Although one can never quite be sure what to believe when Svein Berge and Torbjørn Brundtland spout off, apparently Junior is a one half of a one-two punch with Senior, which will be released later this year. If what they’ve said in interviews about this holds true, the album we have now classifies as upbeat/demonstrative/schizophrenic to Senior’s peaceful/quiet/introverted.

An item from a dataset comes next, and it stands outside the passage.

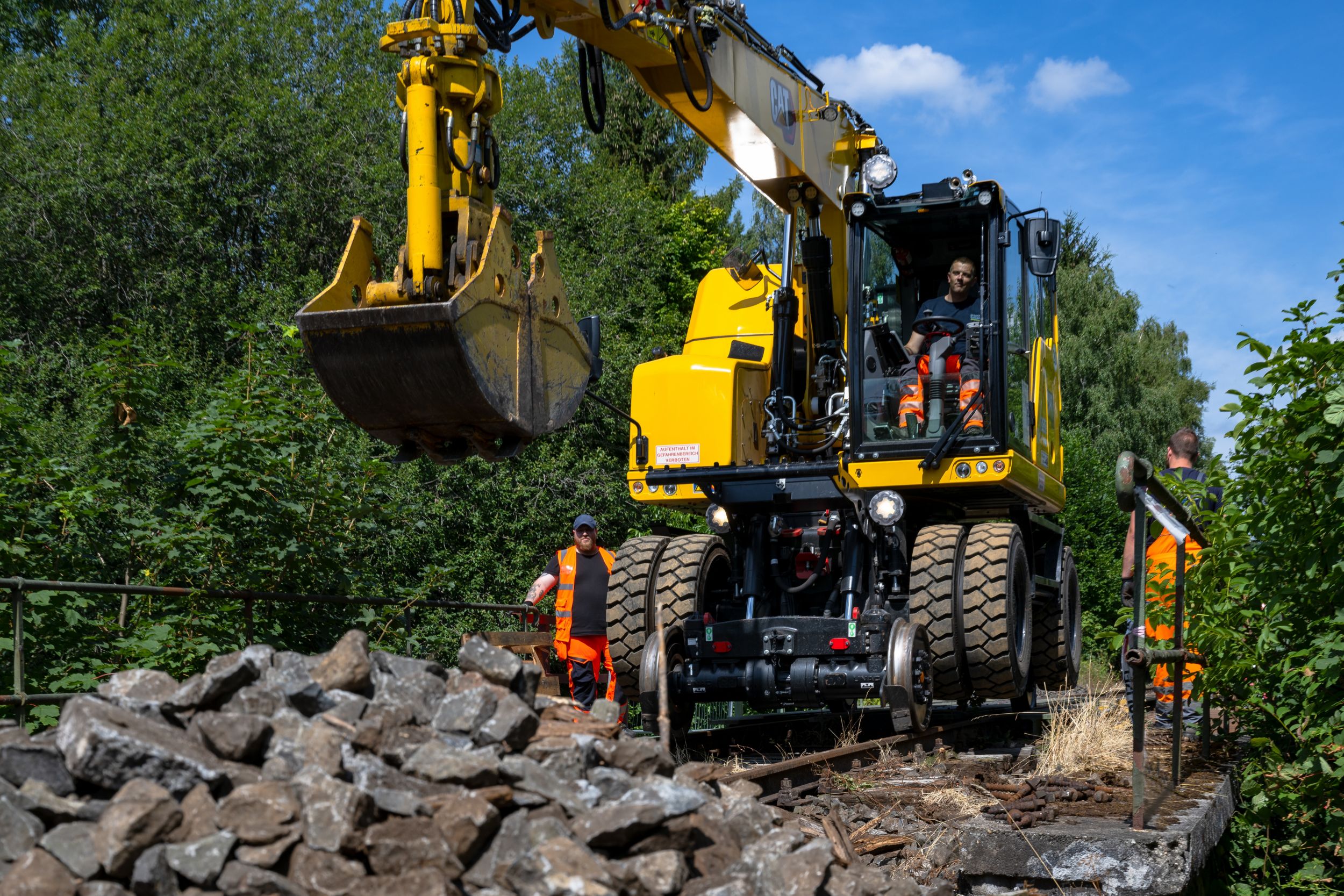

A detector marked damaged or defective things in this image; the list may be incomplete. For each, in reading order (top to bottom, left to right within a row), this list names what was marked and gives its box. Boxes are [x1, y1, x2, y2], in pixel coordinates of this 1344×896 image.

Talking about its music has always been Röyksopp’s thing, making explicit the timeline of its influences and generally deepening the impact of what you might have thought was simple top-40 dance pop. They describe “This Must Be It” as how “Angelo Badalamenti would sound if he got lost in a Norwegian forest but were rescued by Giorgio Moroder.” The song’s sort of like that, one might suppose, though what you really need to know is it’s one of two tracks to feature the Knife/Fever Ray’s Karin Dreijer, and it’s deep and enveloping. It has the big-room sound of “We Share Our Mother’s Health”, even if it doesn’t boast the catchiness of the previous Dreijer-Röyksopp collaboration, “What Else is There?” Dreijer’s other, “Tricky Tricky”, is coke paranoia turned into buzzing electro-house, all children’s jokes, running up walls and uninterpretable words. While we’re on vocalists, the record showcases a hefty list of Scandinavian indie princesses, in addition to Dreijer: Lykke Li, Robyn and Anneli Drecker.

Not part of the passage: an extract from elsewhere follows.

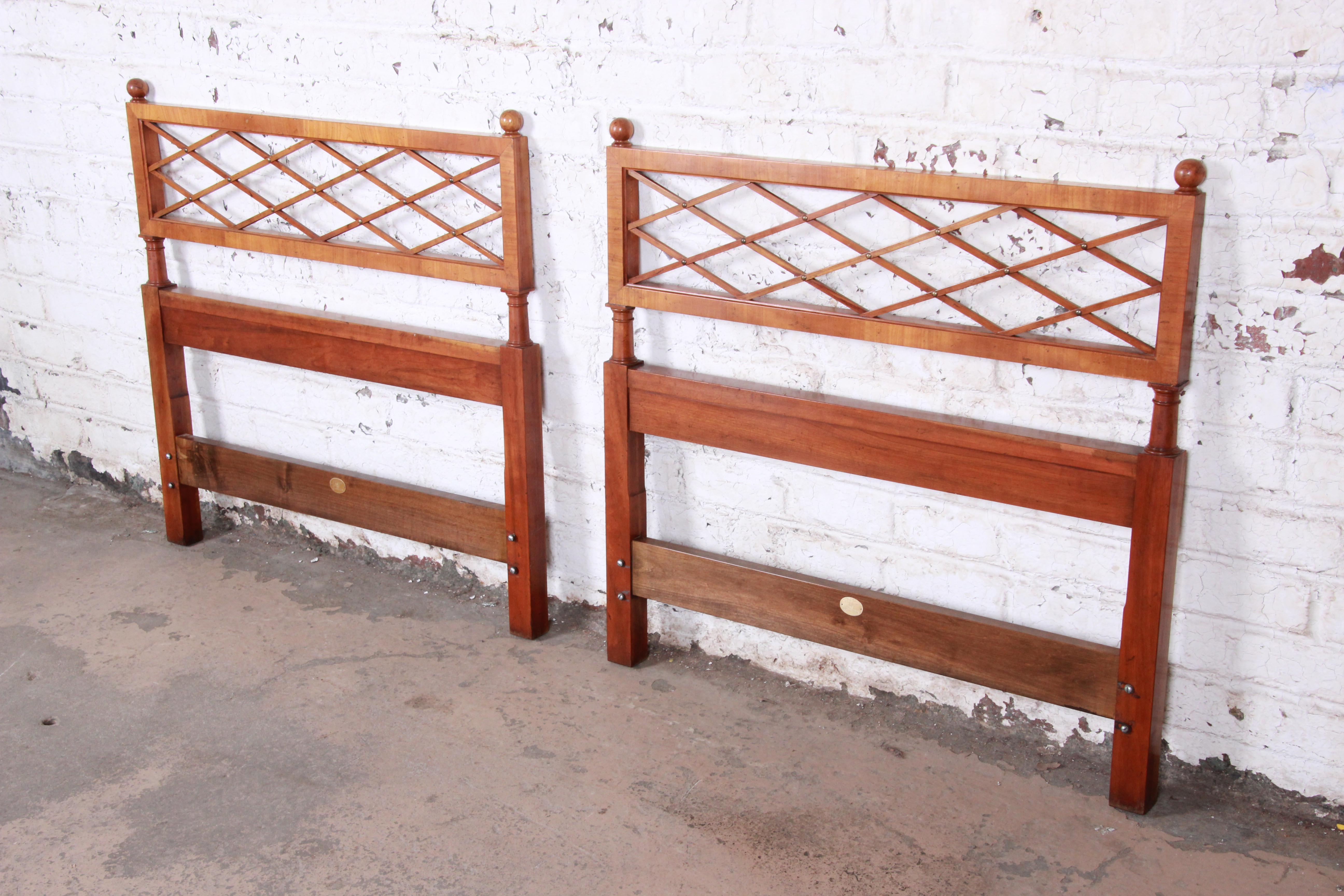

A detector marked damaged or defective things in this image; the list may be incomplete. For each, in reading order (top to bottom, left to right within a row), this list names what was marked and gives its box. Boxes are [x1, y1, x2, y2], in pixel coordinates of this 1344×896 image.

cracked concrete floor [0, 473, 1339, 892]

The whole album builds off these disco touchpoints, which you barely realize get expertly woven through the music. “Röyksopp Forever”, which this critic initially dismissed as chillout-compilation filler, becomes a completely captivating portrayal of vividly orchestrated life. Like Studio, Röyksopp use the tools of Balearic house but never dip into cliché. Because of this, its music sounds familiar, and no real change happens to the MOA of Melody A.M. or The Understanding. But as on both those albums, ’90s house done well gives an acute pleasure. Röyksopp, well aware of the pop sensibilities of its music, builds in layers of detail beneath their maximal vocal lines that are easy to miss but also, soon, easy to treasure. The nostalgic farewell of “It’s What I Want” should remind us why we used to lose shit to this band — all widescreen, perfectly paced, bright light under thunderclouds, that cinematic dance-music thing. It just goes to show, three years of relative silence doesn’t change a thing.

Once in a while, Junior’s familiar synths and drum machines feel flat (“Silver Cruise”, quietly overtaken before it was written by Radiohead, stands out). It depends, as usual, how you have come to Röyksopp. If obliquely, in the middle of some other task or overheard on the radio or in a bar when you’re concentrating on a conversation with someone else, you’d be forgiven for shuffling this away with the group’s other material, as happy times dance-pop with the occasional droll instrumental. But listen closer. Sit down a few times with the music and let it percolate; there’s more to Junior than that first chuckle.